Dreaming the Enemy
David Metzenthen
Dreaming the Enemy
David Metzenthen
“I am still moving despite the fact that this dreamed-up bastard Khan walks with me - no, he doesn’t walk with me, he rises up to fire, has my life in his hands, my head in his sights, and that is the image of all images that I have somehow to lose.”
Johnny Shoebridge has just returned from fighting in the jungles of Vietnam. He no longer carries a weapon - only photos of the dead and a dread of the living.
Pursued by a Viet Cong ghost-fighter called Khan, Johnny makes one last stand - knowing that if he cannot lay this spectre to rest, he will remain a prisoner of war for ever.
Drawing on courage, loyalty and love, Johnny tries to find a way back from the nightmare of war to a sense of hope for the future.

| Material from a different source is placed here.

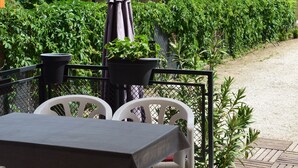 Un patio esterno con tavolo e sedie, una zona coperta e vista su siepe e alberi.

A deeply moving exploration of trauma and recovery.
Review
Dani Solomon
Johnny stares at the screen as a celebrity, watched over by a nearby government official, pulls a number out of a barrel and reads it aloud. Just like that, Johnny’s future is decided. Three months of government-funded training, then off to the killing fields. No, this isn’t The Hunger Games or any other YA dystopia series. This is our past. Not even our deep past; this was less than 50 years ago during the Vietnam War. But Dreaming the Enemy isn’t just a book about conscription.
We are warned at the start that Johnny’s memory is sharp. So sharp it can it ‘follow any bullet fired, any soldier seen … or wound inflicted.’ When Johnny’s PTSD hits and the flashbacks begin, they blend reality, memories and imagination so well we get a tiny glimpse of how disorientating PTSD must be for real sufferers. We also see the way Johnny, as a Vietnam Vet., is treated by his fellow Australians when they find out where he’s been.
Often books about war, whether intentionally or not, glorify it, but Dreaming the Enemy has avoided this trap. Johnny doesn’t daringly rescuing any fellow diggers, there are no heroic battles. Instead, we are inside Johnny’s racing head as he tries to rationalise his time in Vietnam and he is haunted by imaginings of what post-war life might be like for an anonymous Viet Cong he fought, who he thinks of, often, as Khan. We feel Johnny’s distress as he desperately tries to rebuild his sense of self in the aftermath of the decisions made by the shiny-faced men in Canberra who put the gun in his hand and told him to kill.
Dreaming the Enemy is an important book. It helps us to remember things like conscription don’t just belong to the harmless world of YA fiction, and realise we can never again ignore theproblems of our returned soldiers, whether we agree with the war they’ve fought in or not.